Da der Widerruf somit weder nichtig gewesen sei noch eine Anfechtungserklärung abgegeben worden sei, noch wegen der fehlenden arbeitgeberseitigen Information der Ablauf der Monatsfrist des § 613 a Abs. 6 BGB bei Erklärung des Widerspruchs am 21.01.2009 eingetreten gewesen sei, entfalte der Widerspruch seine Wirkung in der Weise, daß zu keinem Zeitpunkt ein Arbeitsverhältnis mit der Beklagten zu 2. begründet worden sei, sondern das Arbeitsverhältnis mit dem Beklagten zu 1. ununterbrochen und damit auch zum Zeitpunkt der Kündigung bei Bestand gewesen sei.

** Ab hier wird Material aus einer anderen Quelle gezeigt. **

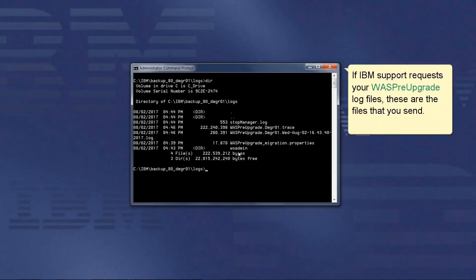If IBM support requests your WASP pre-upgrade log files, then these are the files that you send.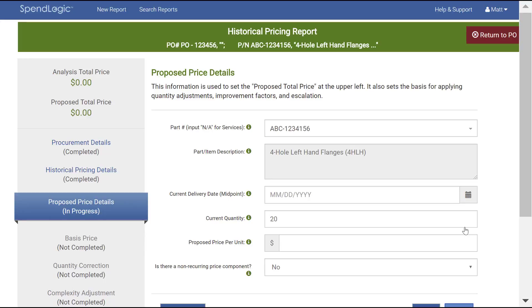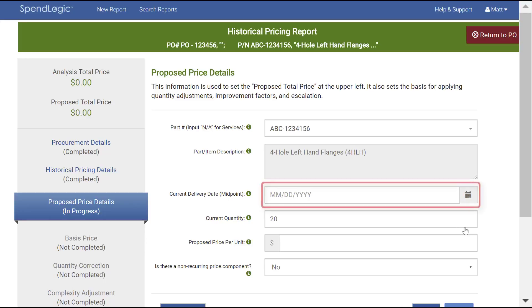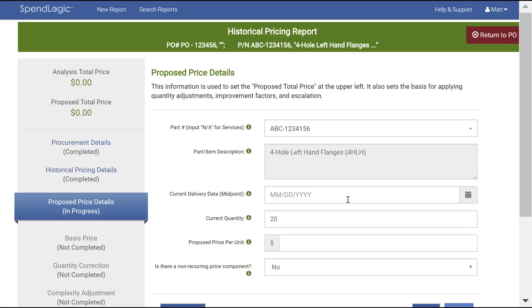For now, there's no need to change what's entered. Clicking the input box for current delivery date allows you to type in a date using month, day, and year formats. To eliminate the possibility of formatting errors, click the calendar icon to bring up a date chooser.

Diese Rechtsfolge widerspreche auch nicht dem Grundsatz, daß Kündigungen keinen Schwebezustand vertragen würden. Denn zum einen sei gerade durch die Widerspruchsmöglichkeit gegenüber einem Betriebsübergang eine schwebende Unklarheit über den richtigen Arbeitgeber und die von diesem oder einem Betriebserwerber ausgesprochene Kündigung im Gesetz angelegt. Zudem sei auch im Falle einer Kündigung durch einen nicht Vertretungsberechtigten eine rückwirkende Genehmigung anerkannt (BAG v. 26.03.1986, AZ: AZR 585/84, BAG v. 26.03.09, AZ: 2 AZR 403/07, Rn. 21 u. 24). Anders als im letzteren Fall hätte vorliegend die Erklärungsempfängerin sogar die Möglichkeit, die Wirksamkeit der Erklärung zu steuern.

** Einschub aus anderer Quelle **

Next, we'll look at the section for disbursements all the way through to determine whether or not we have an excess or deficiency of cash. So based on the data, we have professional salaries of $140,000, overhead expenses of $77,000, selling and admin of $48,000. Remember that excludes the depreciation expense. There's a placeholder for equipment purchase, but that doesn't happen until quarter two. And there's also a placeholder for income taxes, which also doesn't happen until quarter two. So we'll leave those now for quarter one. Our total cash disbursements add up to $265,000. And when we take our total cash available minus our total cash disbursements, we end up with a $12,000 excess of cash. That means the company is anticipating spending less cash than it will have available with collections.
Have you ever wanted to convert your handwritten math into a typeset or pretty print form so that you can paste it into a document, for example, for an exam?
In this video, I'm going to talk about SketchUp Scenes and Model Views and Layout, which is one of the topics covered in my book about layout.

Die Kündigung des Beklagten zu 1. sei auch gemessen an den Gründen des § 1 KSchG wirksam. Es könne dahinstehen, ob es für den Geltungsbereich des Kündigungsschutzgesetzes nach § 23 KSchG ausschließlich auf den Betrieb in A angekommen sei oder ob sämtliche Arbeitnehmer, die nicht in die Beschäftigungs- und Qualifizierungsgesellschaft übergetreten seien und deren Arbeitsverhältnis möglicherweise ebenfalls nicht von einem Betriebsübergang erfaßt worden sei, zusammenzurechnen seien. Denn zum Kündigungszeitpunkt habe der Beklagte zu 1. als Insolvenzverwalter keinen Einzelhandelsbetrieb mehr geführt und habe auch nicht beabsichtigt, zukünftig Arbeitnehmer im Rahmen eines Bekleidungseinzelhandelbetriebes zu beschäftigen.

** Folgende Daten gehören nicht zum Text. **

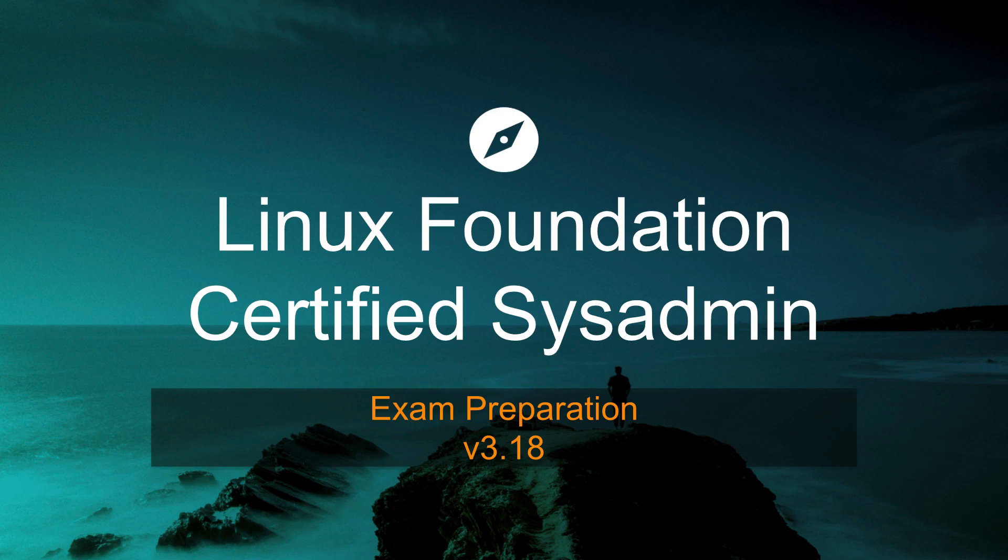The new Linux Foundation Certified Systems Administrator Exam version 3.18 is brutal, and I'm here to help you prep for that exam so that you can pass it.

Ein Beschäftigungsbedürfnis für die Klägerin in einem Betrieb des Beklagten zu 1. sei deshalb nicht gegeben gewesen, so daß die Voraussetzungen des § 1 KSchG für eine betriebsbedingte Kündigung vorgelegen hätten, ohne daß es auf die Frage des Interessenausgleichs mit Namensliste ankommen würde.

Die Kündigung sei auch nicht aus anderen Gründen unwirksam.

Da wie oben dargestellt das Arbeitsverhältnis mit dem Beklagten zu 1. bestanden habe und durch die streitgegenständliche Kündigung zum 31.07.2009 beendet worden sei, sei auch der gegen die Beklagte zu 2. gerichtete Antrag abzuweisen.